With respect to “neglected diseases of the developing world” (i.e., “tropical diseases” as defined in FDC Act § 524(a)(3) concerning priority review vouchers), the FDA Commissioner may establish within the Agency “a review group which shall recommend to the Commissioner of Food and Drugs appropriate preclinical, trial design, and regulatory paradigms and optimal solutions for the prevention, diagnosis, and treatment of neglected diseases of the developing world.” The neglected diseases review group would also be composed of 8 FDA employees, but who have “expertise relating to the development of articles for use in the prevention, diagnosis, or treatment of neglected diseases of the developing world, including specific expertise in developing or carrying out clinical trials.”
The Brown/Brownback Amendment also requires FDA to submit a report to Congress describing the Agency’s findings and recommendations of the rare and neglected disease review groups, and to issue guidance and develop internal review standards based on their recommendations.
The Brown/Brownback Amendment appears to be a more evolved and specific version of language included in the Senate Report accompanying the version of the Agriculture/FDA Appropriations Bill introduced in the Senate (S. 1406). The Senate Report accompanying S. 1406 stated:
Neglected Diseases.— The Committee is concerned about the challenge of increasing the number of approved treatments for diseases that, although not necessarily rare, may have few if any therapeutic options. The Committee recognizes that the definition of a rare disease or condition under the Orphan Drug Act includes many tropical diseases or conditions that affect more than 200,000 persons in the United States.

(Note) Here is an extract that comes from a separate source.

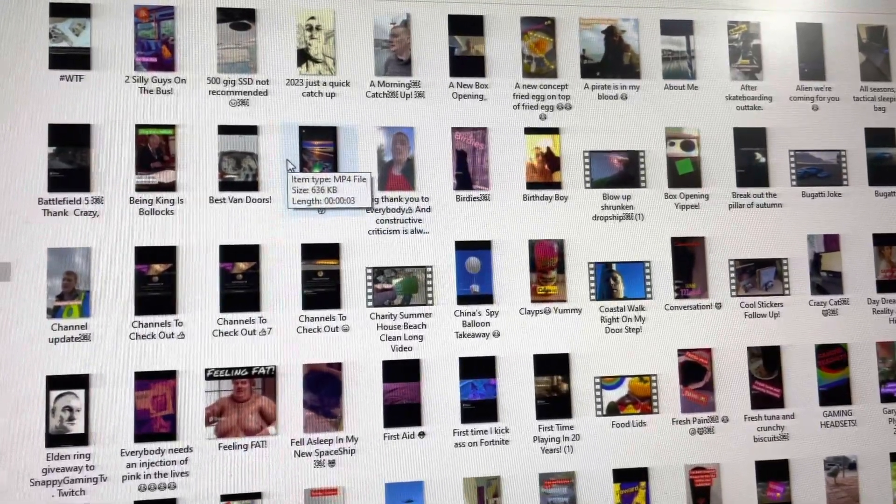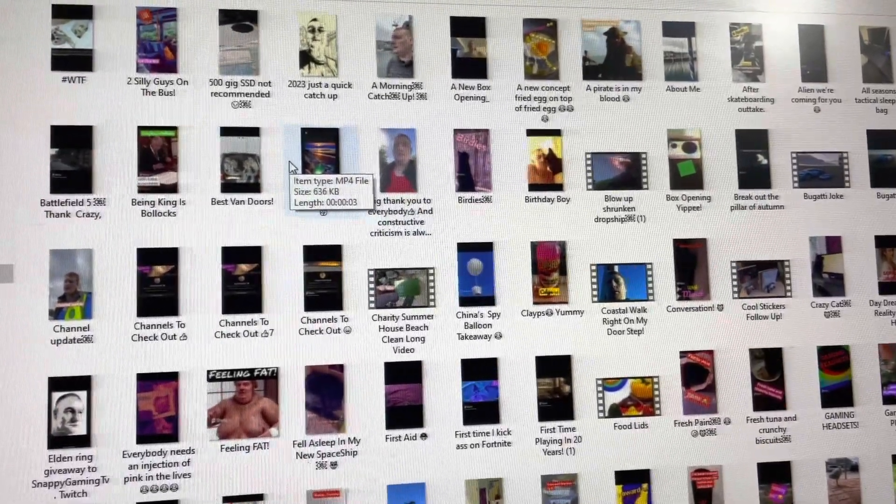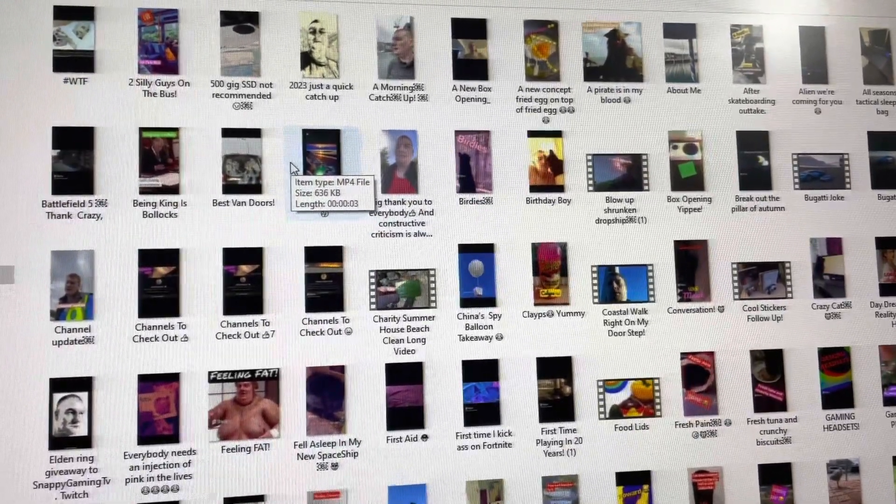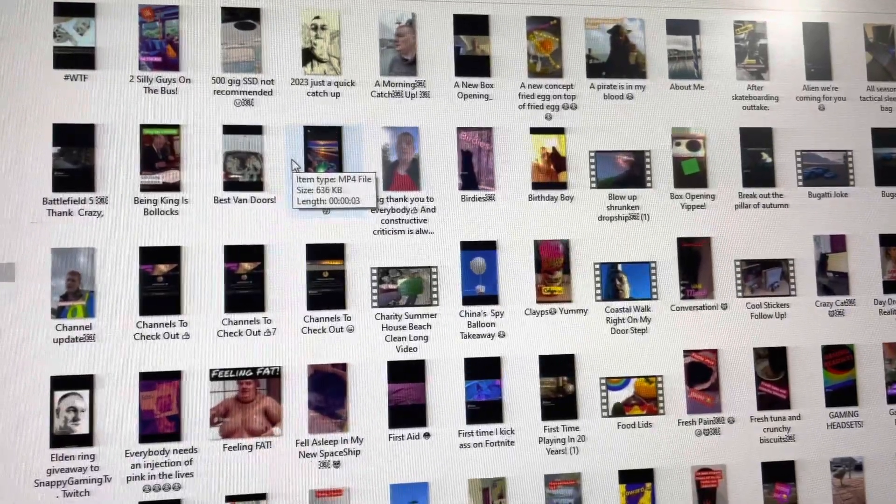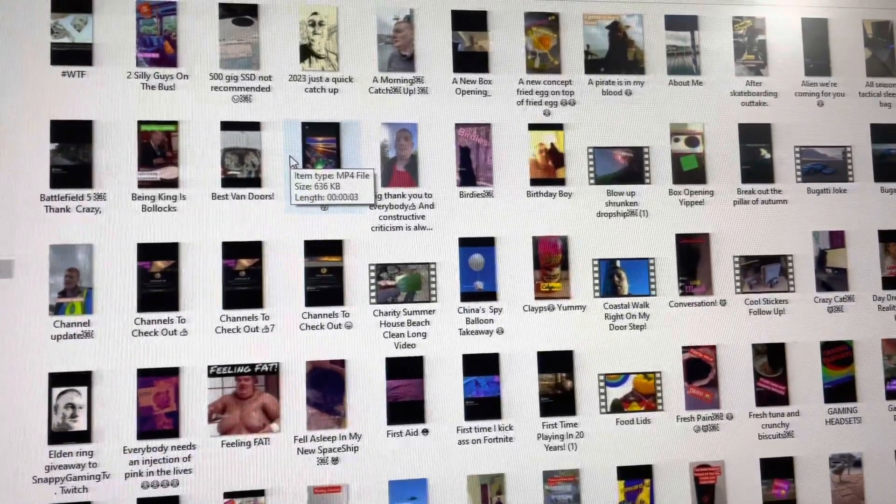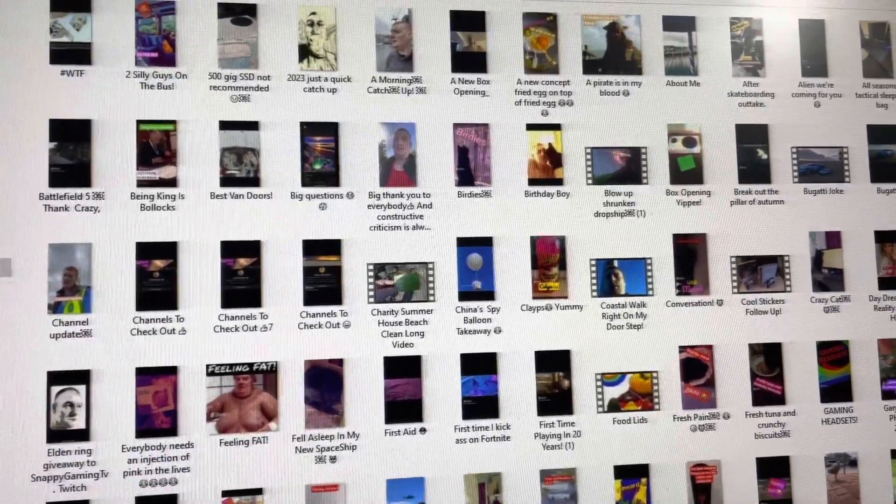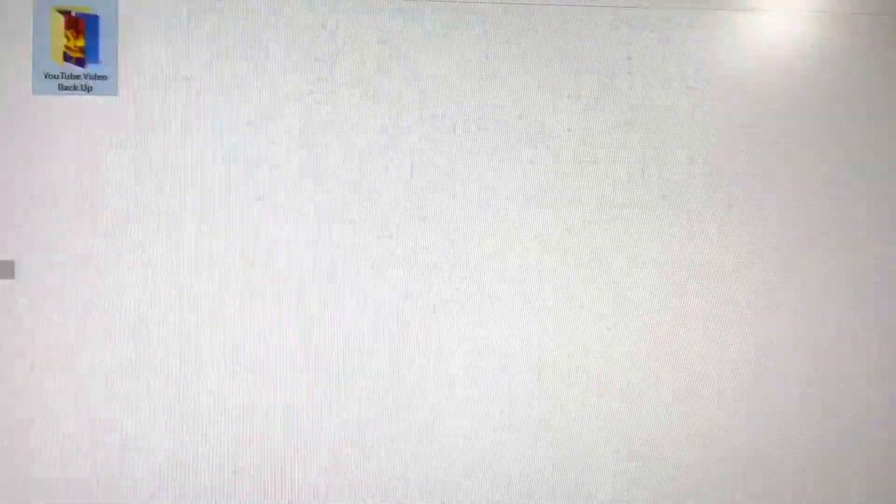I just went on YouTube Studio and downloaded everything to an external hard drive. I've got a file on the computer as well, so I've got two copies of everything.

Because the Orphan Drug Act already embraces therapies to treat many tropical diseases, the Committee urges FDA to take active steps to stimulate orphan status and support their development. Where appropriate, FDA should engage in partnerships and collaborations to identify compounds that may be suitable to treat this subset of orphan diseases and work in a proactive way to identify compounds to treat such diseases.

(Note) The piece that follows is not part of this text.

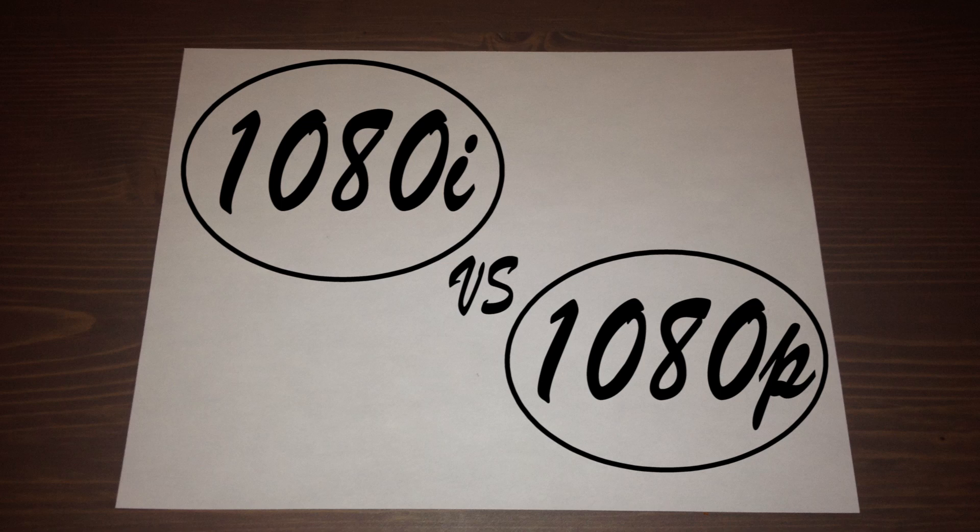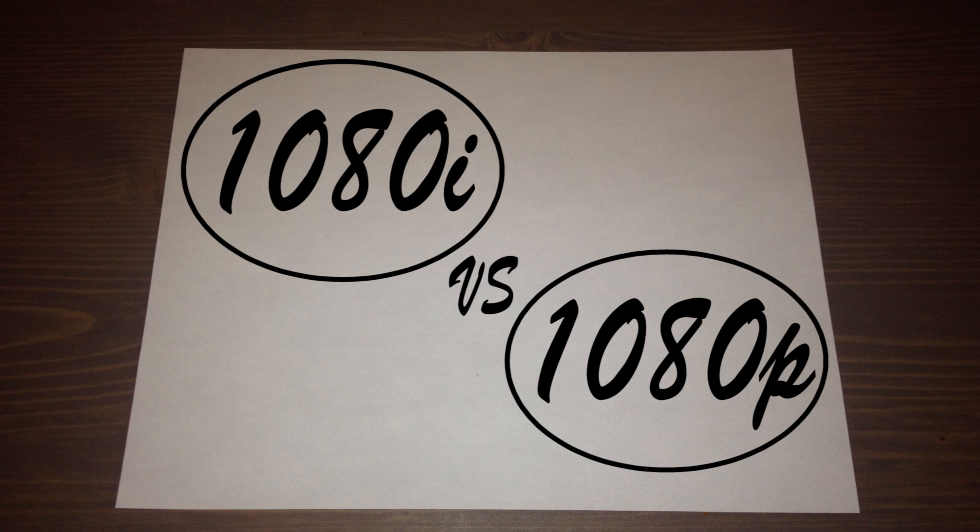What's the difference between 1080i and 1080p? And which is better?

Sens. Brown and Brownback have a longstanding interest in backing neglected disease product development. They are the authors of FDC Act § 524 – “Priority Review to Encourage Treatments for Tropical Diseases” – that was added to the statute by the 2007 FDA Amendments Act. FDC Act § 524 provides for a transferable priority review program – the so-called “treat and trade” program – in which applicants for certain new drugs and biologics for “tropical diseases” that have received priority review may receive a priority review voucher entitling the holder to a 6-month priority FDA review of another application that would otherwise be reviewed under FDA’s standard 10-month review clock. As we previously reported, FDA granted the first priority review voucher earlier this year when it approved COARTEM (artemether; lumefantrine) for the treatment of acute, uncomplicated malaria infections in adults and children weighing at least five kilograms.